今回はサンライズを例に紹介します。全ての列車にいえることですが、特にサンライズは広範囲で運転するため、天候などにより途中で運転を打ち切る場合があります。そうなった場合の救済が「急乗承」です。

注意点としてサンライズは「寝台特急」です。「既に収受した急行料金・グリーン料金は全額払いもどしする」と紹介しましたがここに寝台料金は含まれていません。なのでサンライズで「急乗承」されたとしても払い戻されるのは特急券のみです。

しかし寝台料金が払い戻される場合もあります。寝台料金の払い戻しは朝6時まで寝台を利用した場合を除き行われます。言い換えれば朝6時までに運行不能になった場合、払い戻しの対象になるということです。寝台料金は宿代みたいなものですから、このような取り扱いなのですね。

サンライズで途中で打ち切りになった場合は基本的に新幹線と特急を乗り継ぐ形で目的地へ行くことになります。ちなみに特別急行列車の遅延による新幹線への「急乗承」は司令の指示がなければできません。運行不能の場合は新幹線への「急乗承」が可能です。ただし司令の指示がある場合を除き「のぞみ」は乗車できません。

規則上はこのようになっていますが、便宜上のぞみの指定席を手配してくれるようです。

災害等により目的地にたどり着けない場合

「無賃送還」と聞くと思い浮かべるのは乗り過ごしや誤乗だと思います。今回は災害等により旅行の継続が困難になった場合、出発点まで無賃で戻ることができる「無賃送還」を紹介します。

簡単に説明すると、災害等で目的地までたどり着けなくなった場合、きっぷを無手数料で払い戻し無賃で出発点まで帰ることができます。ただし注意点があり、気をつけないと損をしてしまう可能性があります。

まず基本的に新幹線の場合は新幹線で、普通列車の場合は普通列車での無賃送還となります。普通列車を利用していた場合は差額を払ったとしても新幹線や特急に乗車できません。またグリーン車等を使っていた場合は原則として同じ設備となります。

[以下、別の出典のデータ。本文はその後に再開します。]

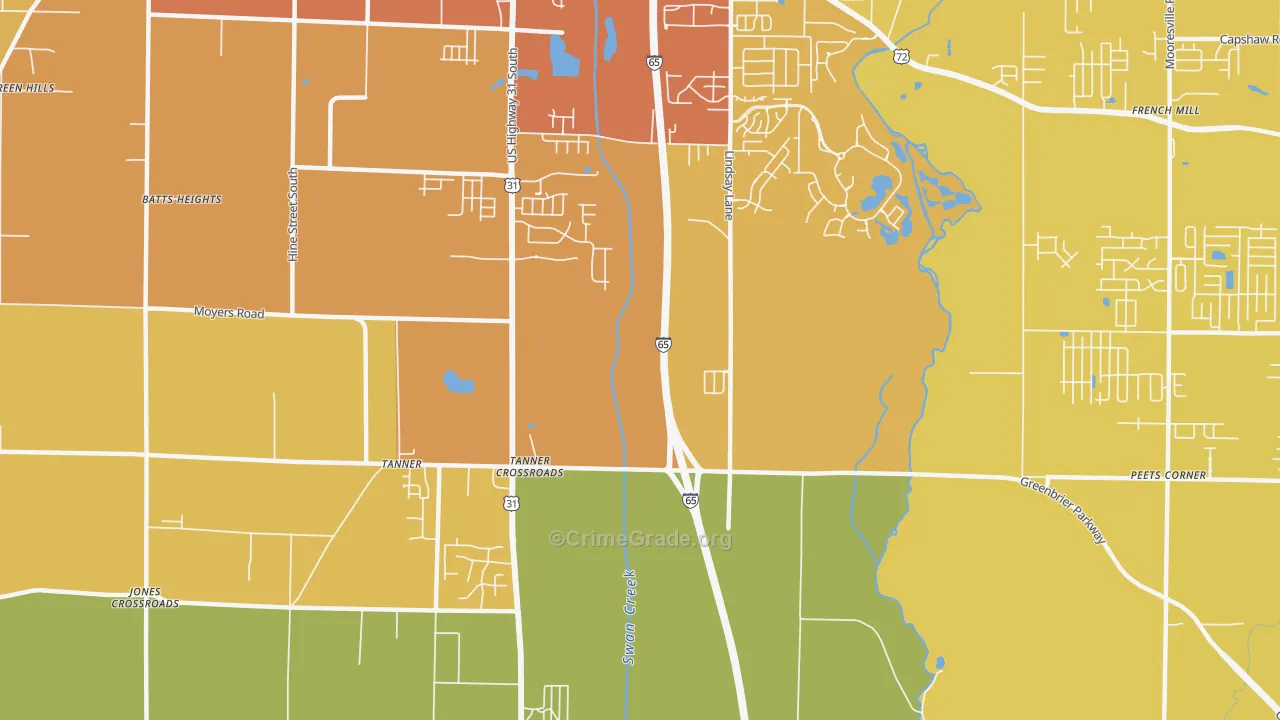 Tanner Crossroads, AL Map of Vandalism Rates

経路も原則同じである必要がありますが、災害等によりそれが困難な場合迂回路が案内される場合があります。青春18きっぷ等の特別な切符ではこのルールは適用されませんし払い戻しもありません。

最大の注意点として「途中下車」というものがあります。無賃送還は途中で途中下車がされていた場合でも出発点まで無賃で帰してくれます。ただし払い戻しは最後に途中下車した地点から目的地までの間のみです。出発点から途中下車した地点までは旅行が完了しているとみなされるので、乗車券等は払い戻されず差額精算されます。また無賃送還中は原則途中下車ができないため、普通列車はかなり地獄だと思います。

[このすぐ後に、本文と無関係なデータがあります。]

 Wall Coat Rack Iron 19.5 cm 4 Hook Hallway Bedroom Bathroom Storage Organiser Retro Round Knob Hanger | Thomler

無賃送還を利用するにあたり宿泊してから戻ることができるのかですか、結構厳しいと思います。無賃送還は直近の列車で戻る必要があるため、引き返す駅に滞在するといったことはできません。しかし運休等によりその日に戻れない場合は宿泊が認められる場合があります。そこら辺は柔軟な対応がしてもらえると思います。

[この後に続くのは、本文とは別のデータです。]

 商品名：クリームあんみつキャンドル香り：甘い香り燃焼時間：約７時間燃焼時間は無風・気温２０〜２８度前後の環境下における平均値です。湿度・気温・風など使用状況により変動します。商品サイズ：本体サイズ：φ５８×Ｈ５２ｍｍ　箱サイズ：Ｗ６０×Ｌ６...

ただし一旦下車することになるので、乗車券の全額払い戻しはされない可能性があります。いずれにしろ窓口との交渉次第です。

まとめ

少し難しいルールですが知らないと受けられないかもしれないので、覚えておくと便利です。わからなくても窓口に相談すれば大抵対応してもらえます。

またどのルールも(特に無賃送還)はすぐに申し出る必要があります。運休を知らなかったは通用しないのがシビアなところです。

災害などで列車が運休してしまった場合には活用してみてください。